#### Information supplied:
________________________________________
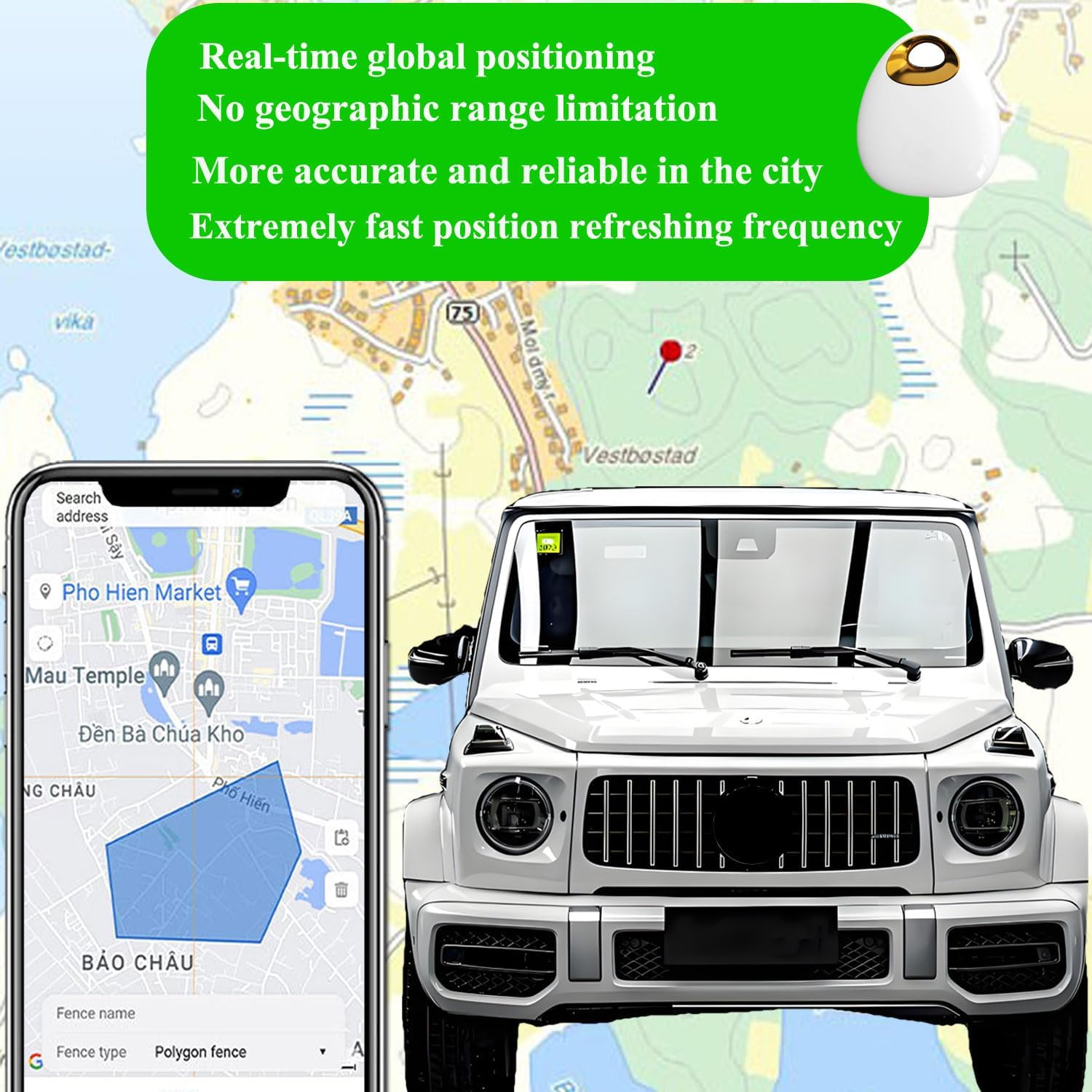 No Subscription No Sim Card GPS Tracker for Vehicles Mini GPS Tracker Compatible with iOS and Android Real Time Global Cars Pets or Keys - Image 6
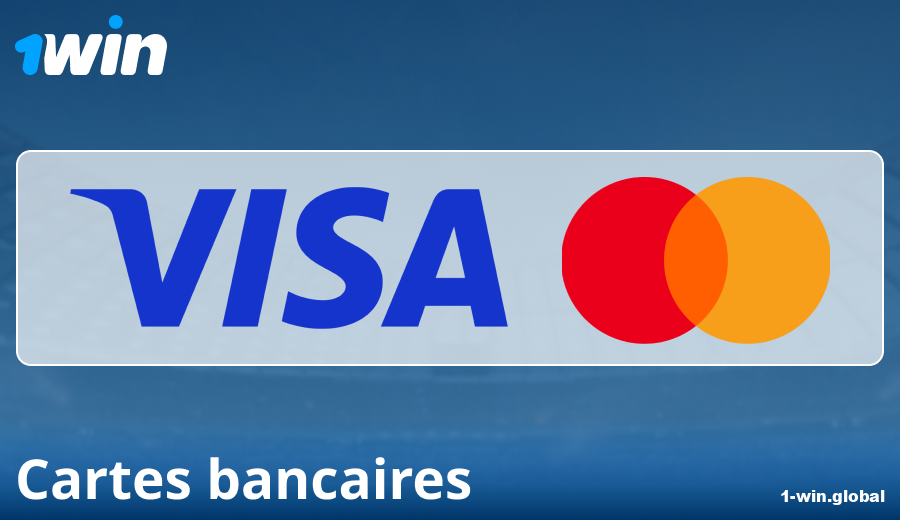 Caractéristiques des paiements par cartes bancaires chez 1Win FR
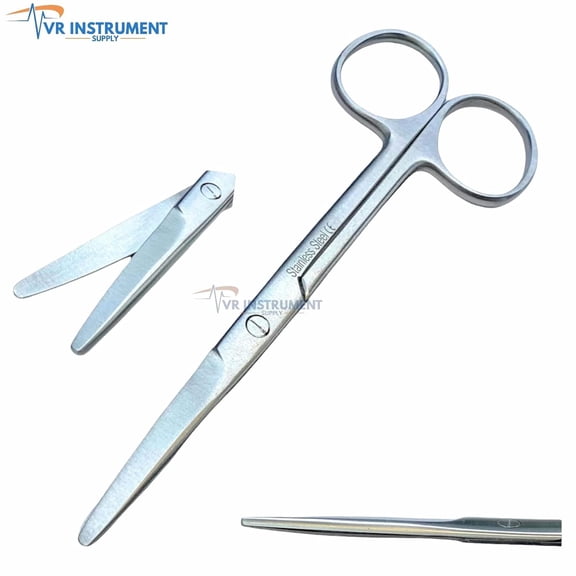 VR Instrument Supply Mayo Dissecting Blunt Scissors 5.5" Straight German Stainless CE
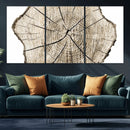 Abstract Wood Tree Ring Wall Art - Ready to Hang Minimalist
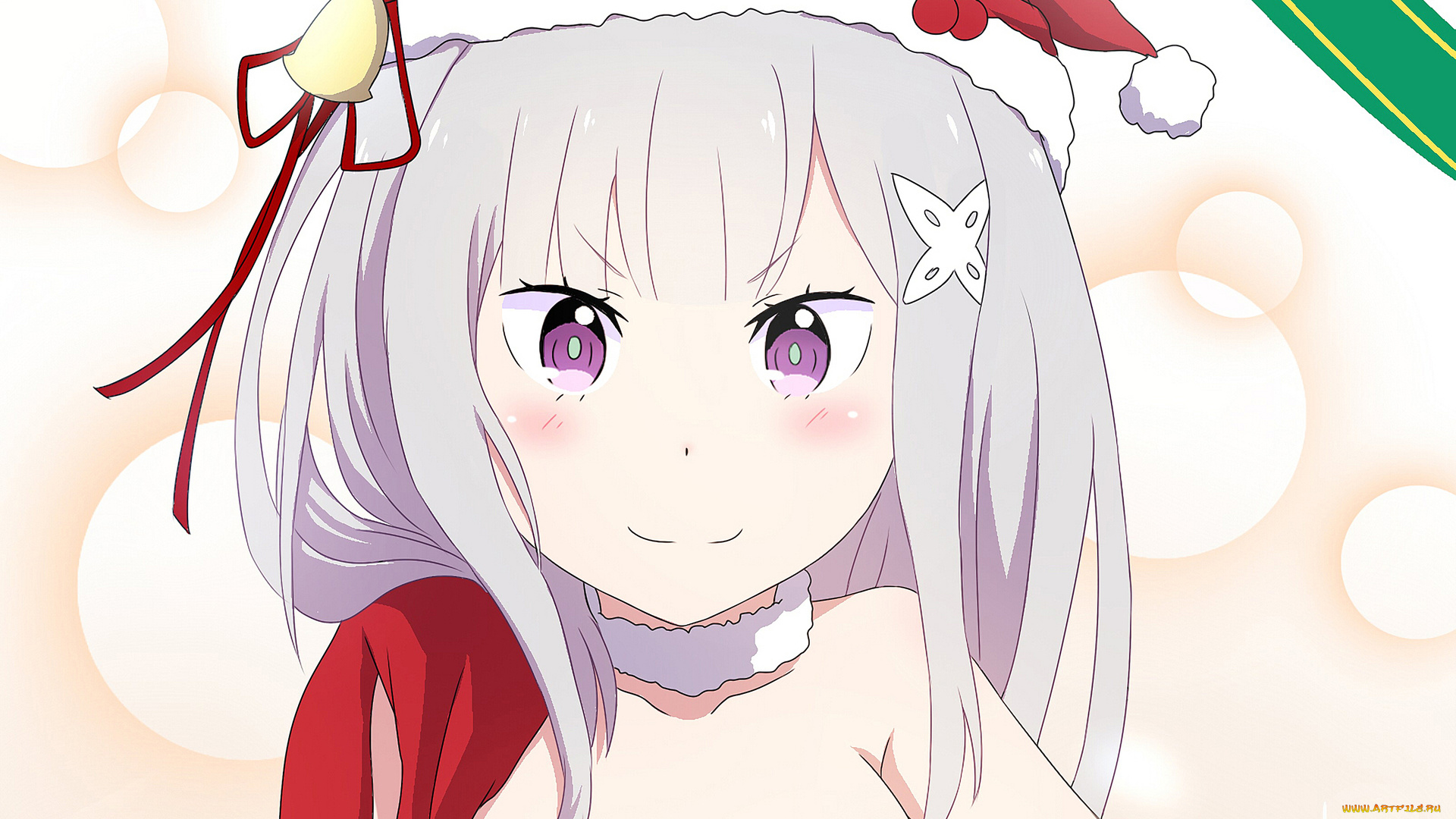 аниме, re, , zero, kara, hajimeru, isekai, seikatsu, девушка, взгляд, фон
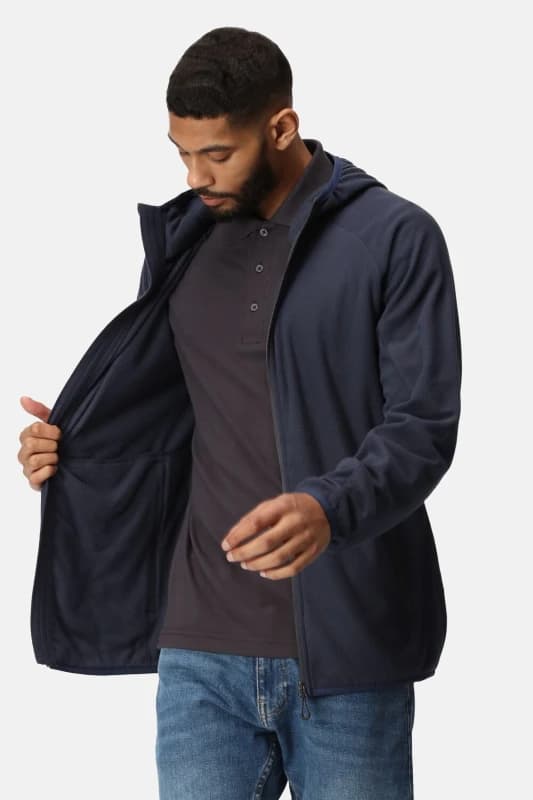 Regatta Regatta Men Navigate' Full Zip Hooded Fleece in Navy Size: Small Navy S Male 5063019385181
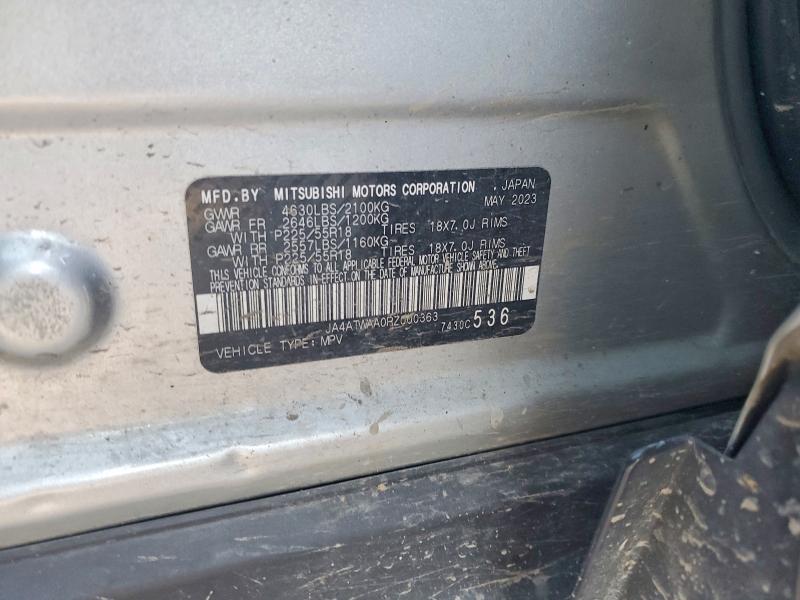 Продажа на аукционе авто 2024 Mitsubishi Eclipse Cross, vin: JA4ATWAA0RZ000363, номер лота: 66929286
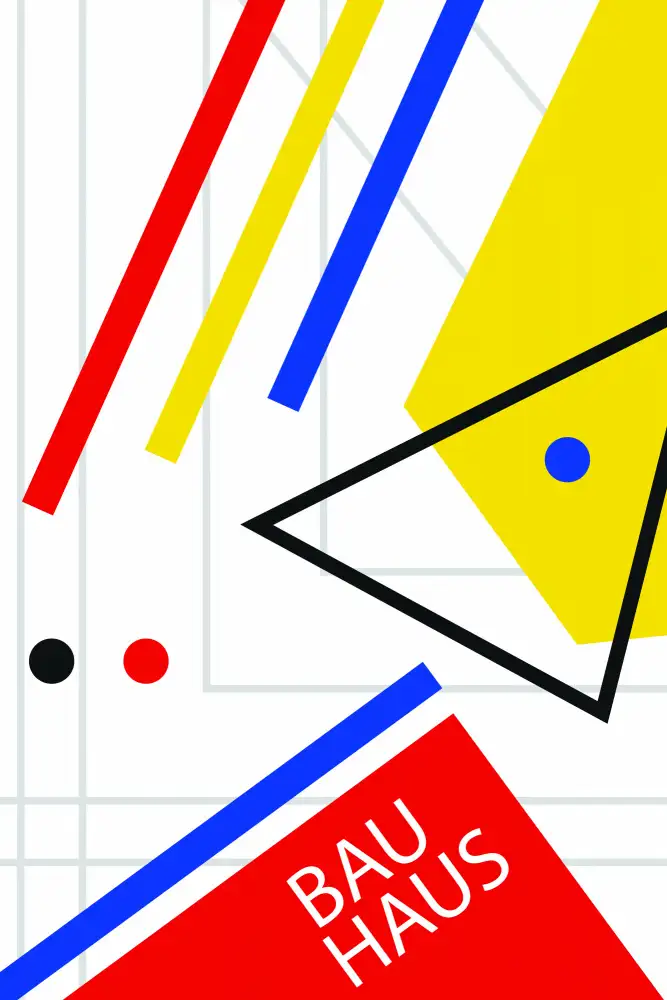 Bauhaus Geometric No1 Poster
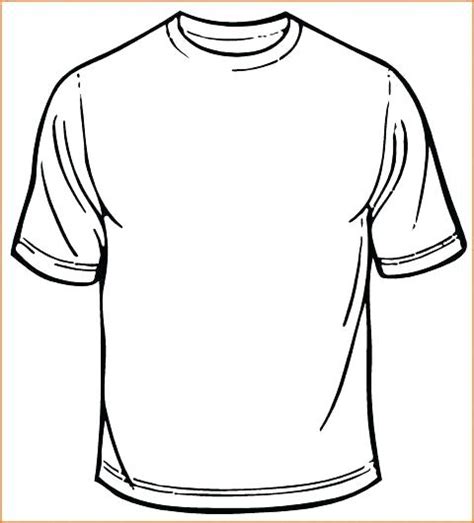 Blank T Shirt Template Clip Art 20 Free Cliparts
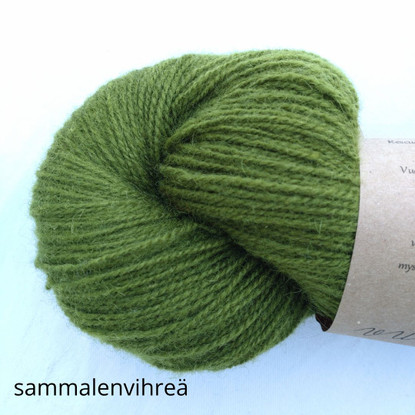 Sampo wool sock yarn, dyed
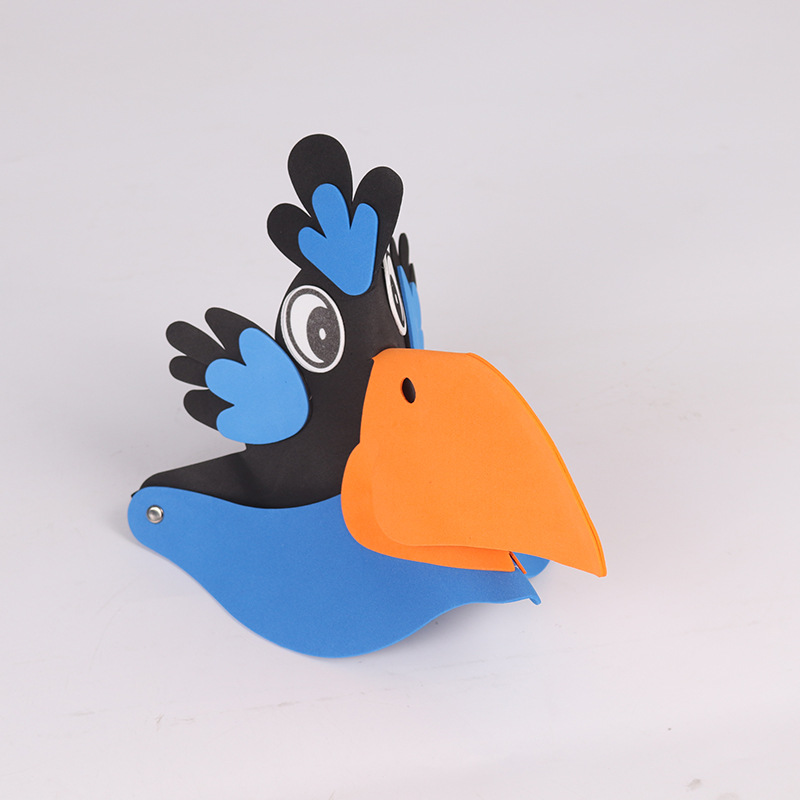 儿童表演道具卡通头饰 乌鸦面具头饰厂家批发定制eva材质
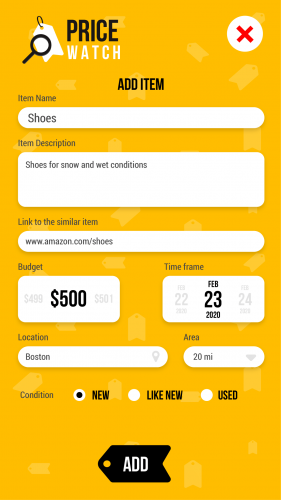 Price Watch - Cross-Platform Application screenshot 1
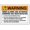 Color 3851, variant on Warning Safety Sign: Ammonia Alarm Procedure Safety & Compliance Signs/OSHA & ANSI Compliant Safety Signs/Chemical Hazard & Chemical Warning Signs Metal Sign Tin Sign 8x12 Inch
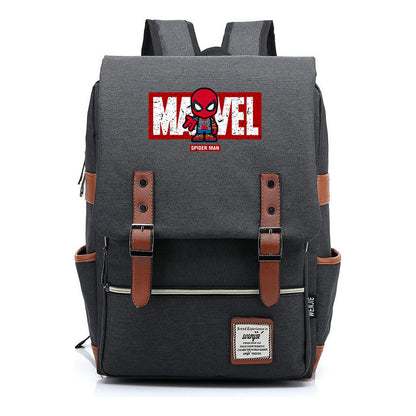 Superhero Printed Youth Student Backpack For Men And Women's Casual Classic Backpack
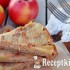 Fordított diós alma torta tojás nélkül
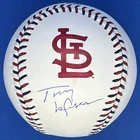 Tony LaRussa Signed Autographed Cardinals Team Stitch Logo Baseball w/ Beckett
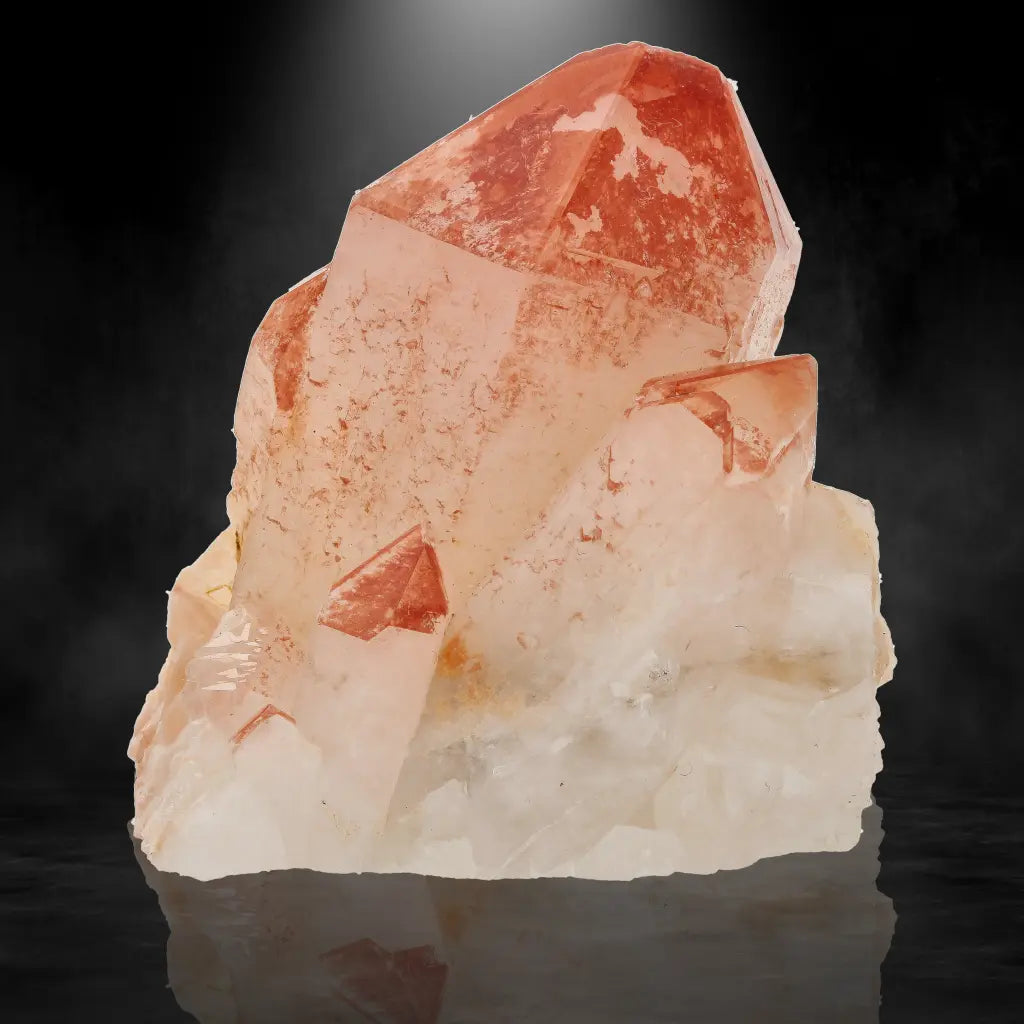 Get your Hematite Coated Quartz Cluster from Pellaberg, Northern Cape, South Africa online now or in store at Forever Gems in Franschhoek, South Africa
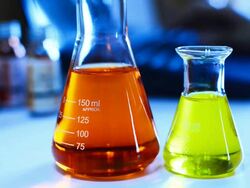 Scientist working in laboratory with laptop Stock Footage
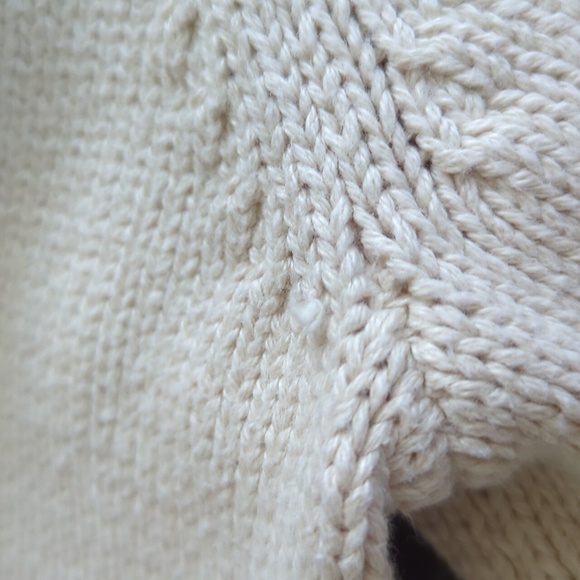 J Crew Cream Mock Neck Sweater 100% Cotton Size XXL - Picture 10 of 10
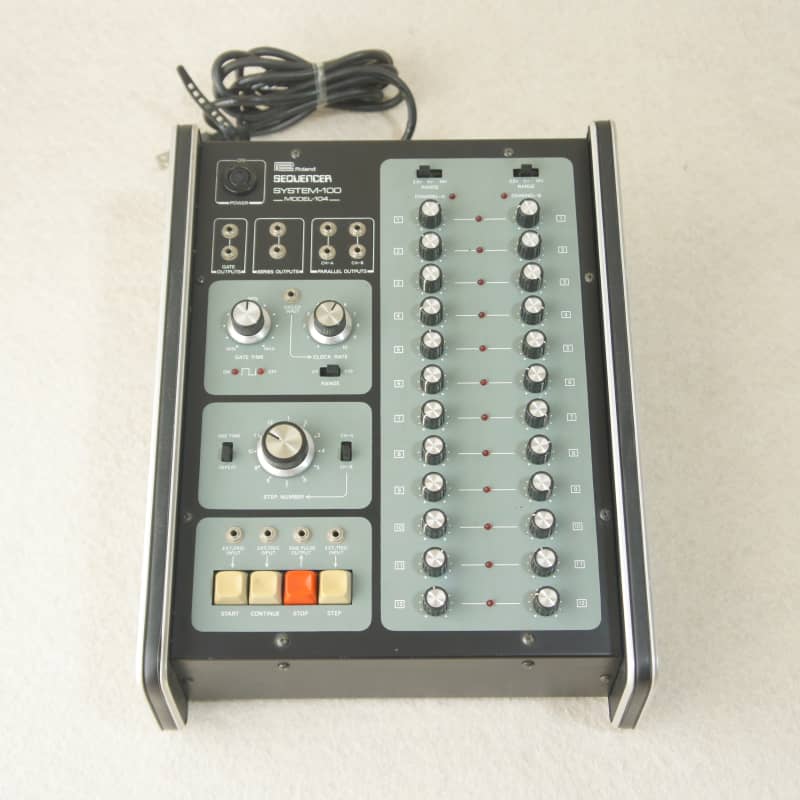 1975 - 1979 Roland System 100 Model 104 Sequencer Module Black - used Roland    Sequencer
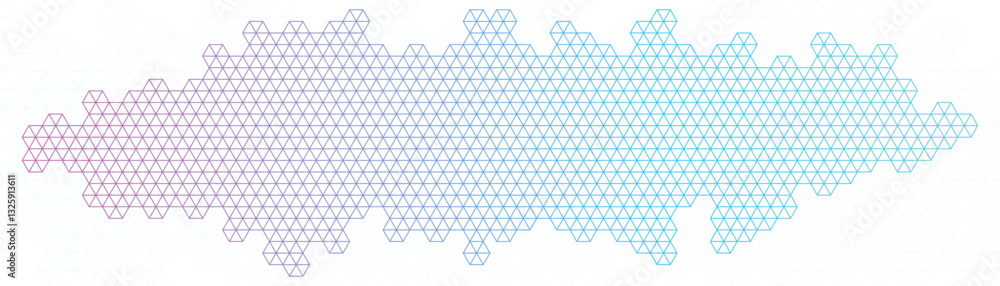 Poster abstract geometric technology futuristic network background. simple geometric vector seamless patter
________________________________________
#### About this task:
Look above for the line with "Bauhaus Geometric No1 Poster" and the line with "Fordított diós alma torta tojás nélkül". Copy them and every line between, exactly, but no pictures.

#### Solved problem:
 Bauhaus Geometric No1 Poster
 Blank T Shirt Template Clip Art 20 Free Cliparts
 Sampo wool sock yarn, dyed
 儿童表演道具卡通头饰 乌鸦面具头饰厂家批发定制eva材质
 Price Watch - Cross-Platform Application screenshot 1
 Color 3851, variant on Warning Safety Sign: Ammonia Alarm Procedure Safety & Compliance Signs/OSHA & ANSI Compliant Safety Signs/Chemical Hazard & Chemical Warning Signs Metal Sign Tin Sign 8x12 Inch
 Superhero Printed Youth Student Backpack For Men And Women's Casual Classic Backpack
 Fordított diós alma torta tojás nélkül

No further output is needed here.